Para o professor Nelson Fernando Inocêncio da Silva, do Núcleo de Estudos Afro-Brasileiros da Universidade de Brasília (UnB), casos como o de Durval são mais um exemplo da construção racial desigual brasileira. "A situação racial no Brasil tem esse aspecto que é de uma constante procrastinação, por exemplo, ao debate e à discussão em nível nacional. Nós aprendemos a conviver na desigualdade. Os negros como serviçais e os brancos como aqueles que mandam. Isso tem que acabar. Porque é esse raciocínio que fez com que aquele senhor assassinasse o Durval. Ele não tinha motivo nenhum para cometer esse crime. O fez por quê? Porque ele seguiu esse raciocínio. E ele não está sozinho. Isso é uma cultura", afirma.

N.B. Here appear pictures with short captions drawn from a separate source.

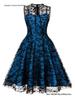 Women's Christmas Mesh Embroidered Midi Dress with Waist-Cinching and Sleeveless Design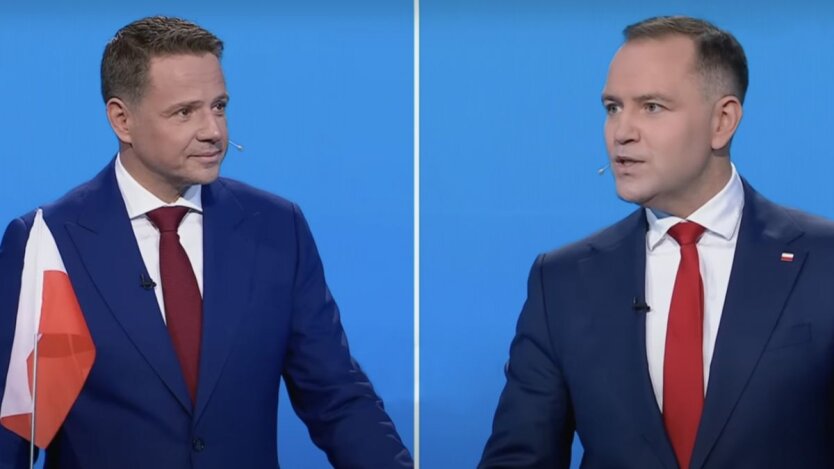 Рафал Тшасковський та Кароль Навроцький на дебатах / Фото: Getty Images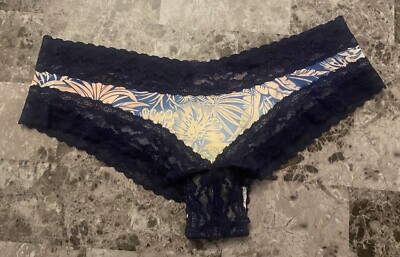 NWT VICTORIA'S SECRET SMALL PALM FERN NAVY BLUE FLORAL LACE RARE CHEEKY PANTIES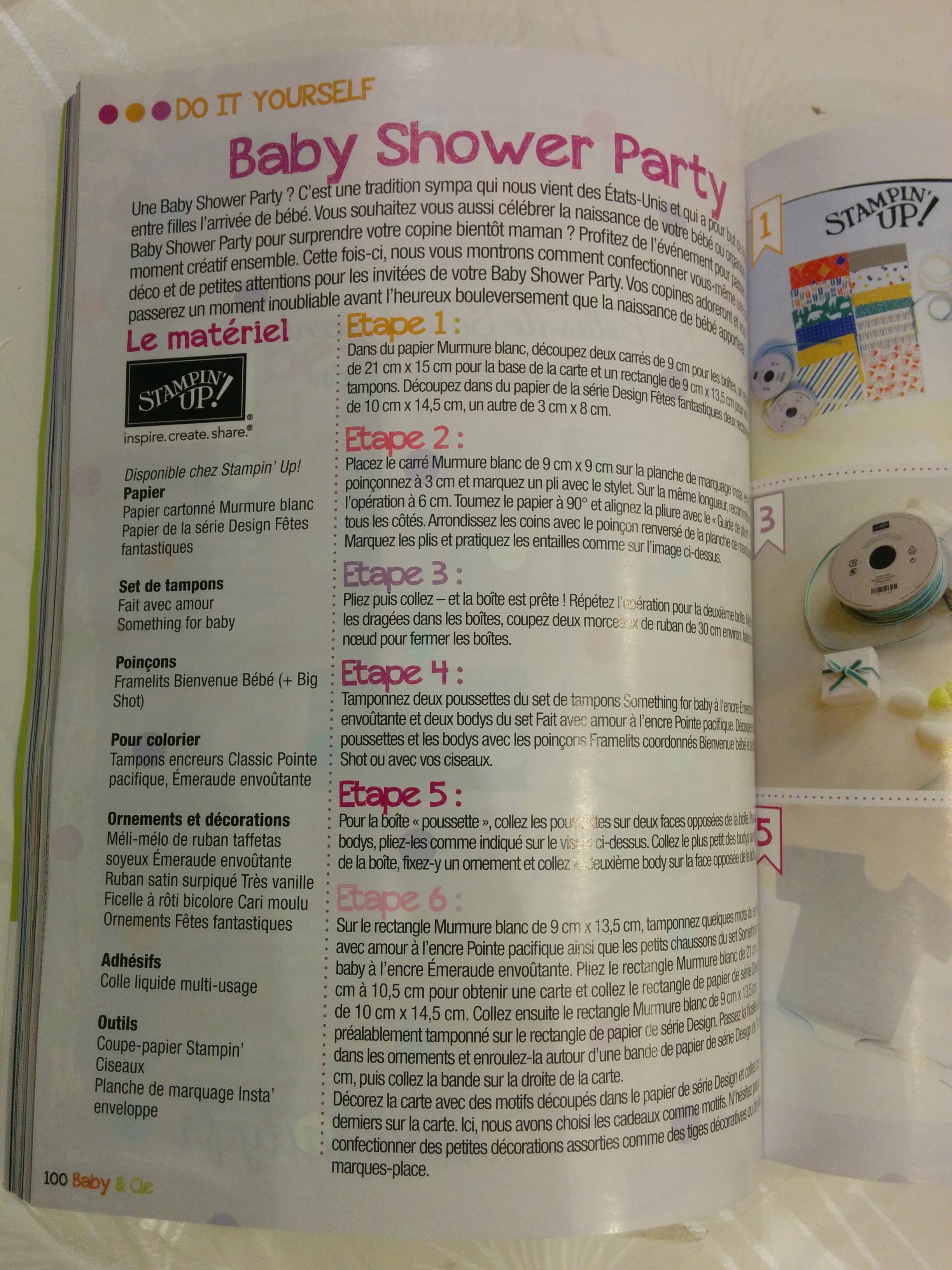 mon tuto dans le magasine sobaby stampinup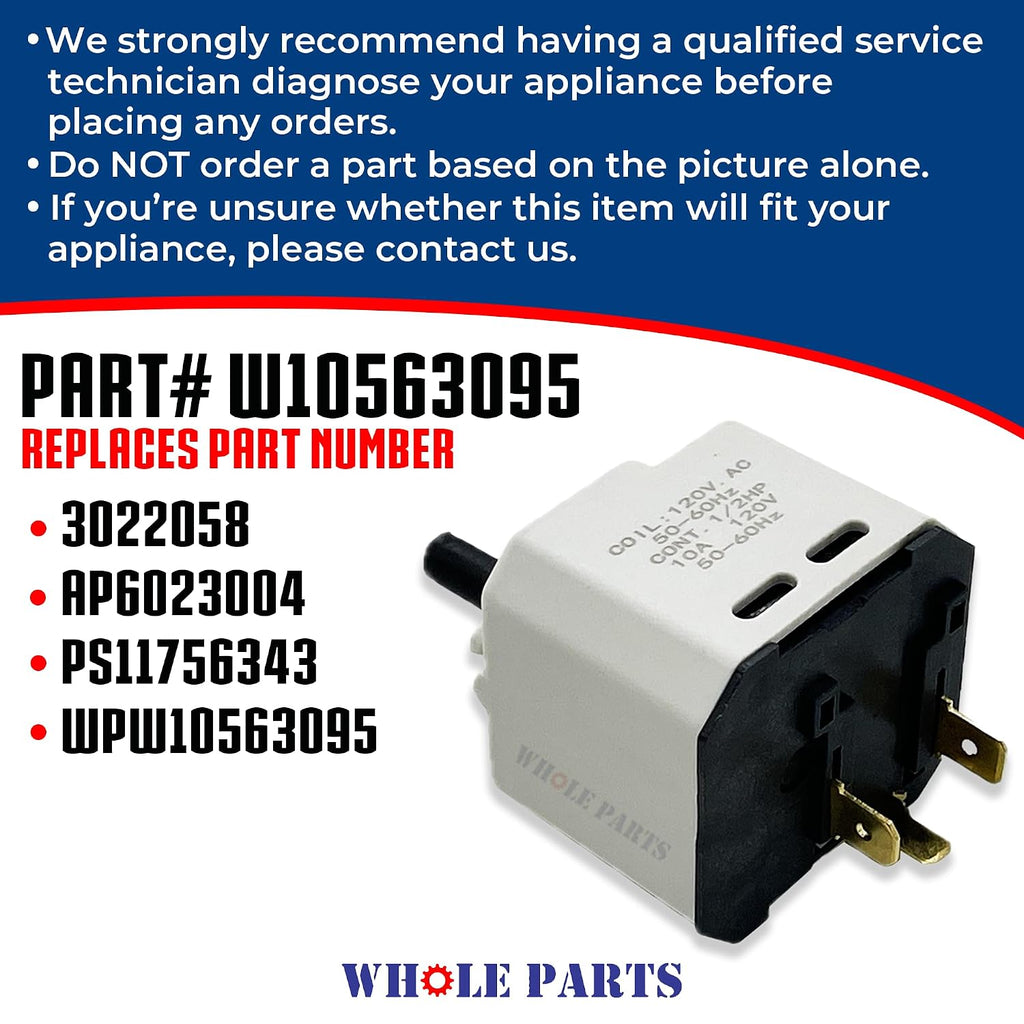 Whole Parts Upgraded Dryer Push-to-Start Switch Part# W10563095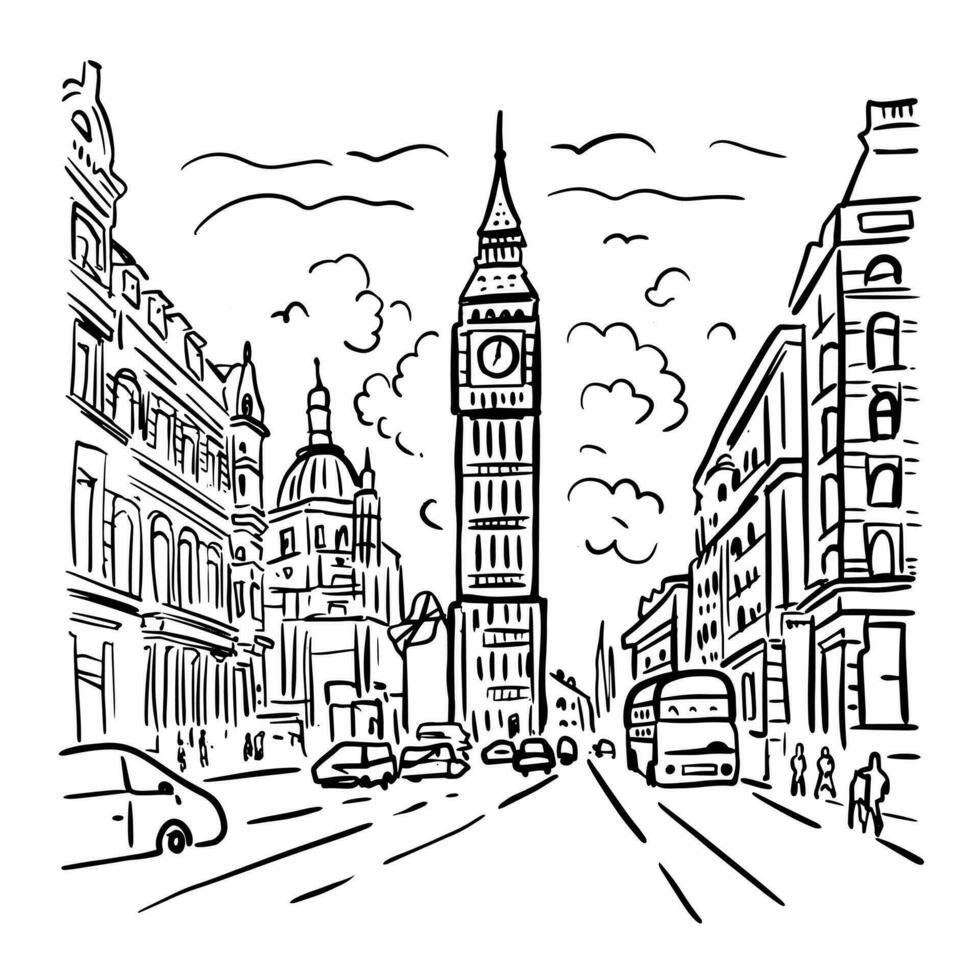 Londen straat en groot ben. hand- getrokken vector illustratie in tekening stijl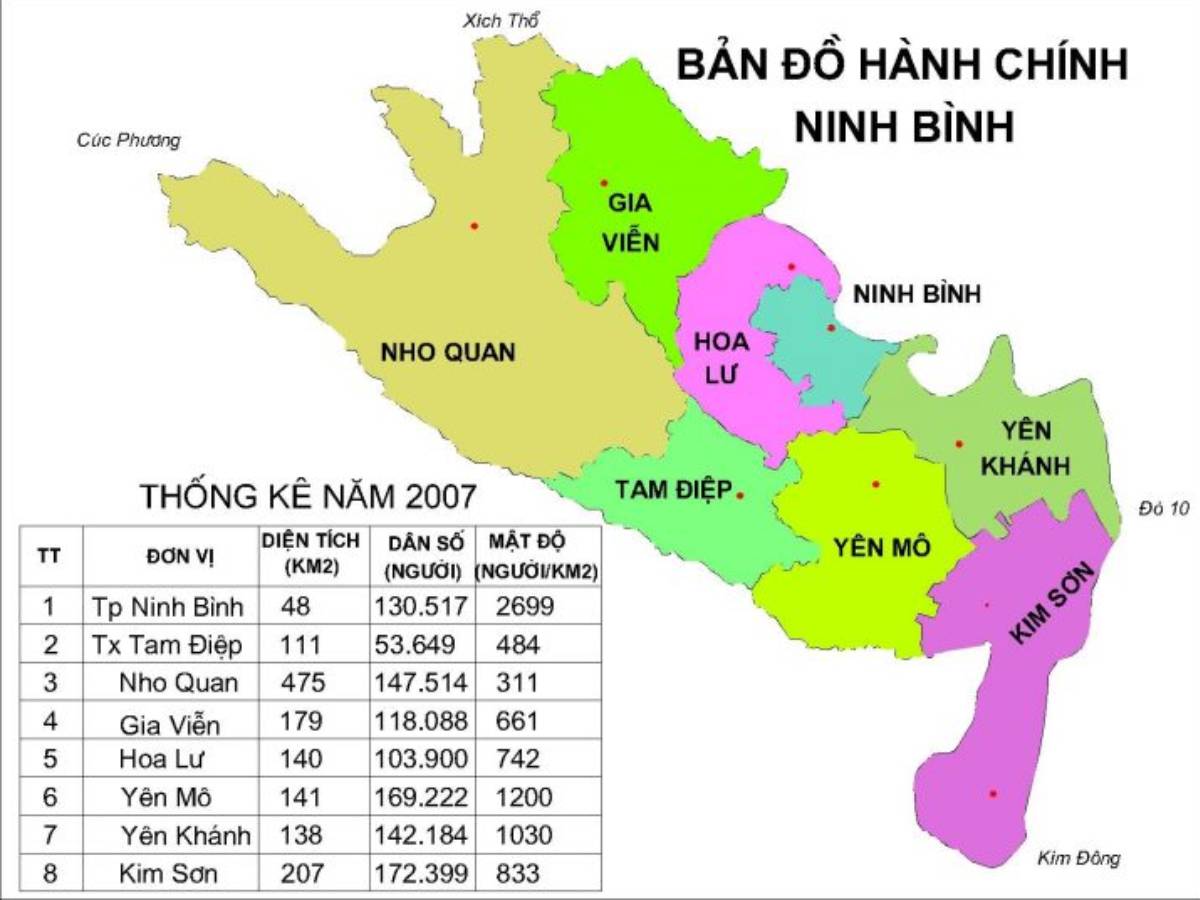 bản đồ tỉnh ninh bình hành chính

Para desconstruir esse aprendizado de relações raciais, a educação é vista como um dos principais pilares e, segundo os especialistas, o combate ao racismo deve ser parte estrutural de um projeto educacional. Alexsandro Santos, que também é pesquisador e ativista das relações raciais no Brasil, explica que a educação e o racismo se cruzam quando observamos as desigualdades educacionais do país. "A gente tem dados que mostram que o racismo e a educação no Brasil andam juntos, e que o racismo impacta na garantia do direito à educação das pessoas negras", pontua.

Desigualdade na escola

Um levantamento feito pela ONG Todos pela Educação, divulgado esta semana, apontou que o crescimento de crianças não alfabetizadas foi maior entre alunos negros e pardos do que em estudantes brancos. O estudo, feito com base nos dados da Pesquisa Nacional por Amostra de Domicílios Contínua (Pnad Contínua), feita pelo Instituto Brasileiro de Geografia e Estatística (IBGE), indicou que os percentuais de crianças pretas e pardas de 6 e 7 anos de idade que não sabiam ler e escrever passaram de 28,8% e 28,2% em 2019 para 47,4% e 44,5% em 2021, respectivamente. Enquanto o aumento do índice de não alfabetização em crianças brancas foi menor. De 20,3% para 35,1% no mesmo período.

Segundo Santos, ainda que a presença de negros e brancos seja equilibrada nos primeiros anos da vida escolar, conforme os anos de escolarização avançam, é que a desigualdade vai se manifestando. "Então, eu tenho um começo que é mais ou menos equitativo, mas uma trajetória escolar que prejudica as crianças negras", pontua. Por isso, para ele, além de pagar uma dívida histórica em relação à garantia de educação das pessoas negras, ações afirmativas, que garantem a presença de negros nos espaços de escolarização, são importantes para dar a esta população uma ferramenta para ascensão social.

"Quando eu invisto na permanência das pessoas negras dentro da escola, e depois eu invisto no acesso das pessoas negras ao ensino superior, eu estou entregando para as pessoas negras uma ferramenta poderosa para sua ascensão social e para a garantia de outros direitos. Uma pessoa negra com mais escolaridade tem menos chances de ser discriminada no mercado de trabalho, tem menos chances de ser capturada por redes de criminalidade. Então, o direito à educação abre a porta para outros direitos", afirma.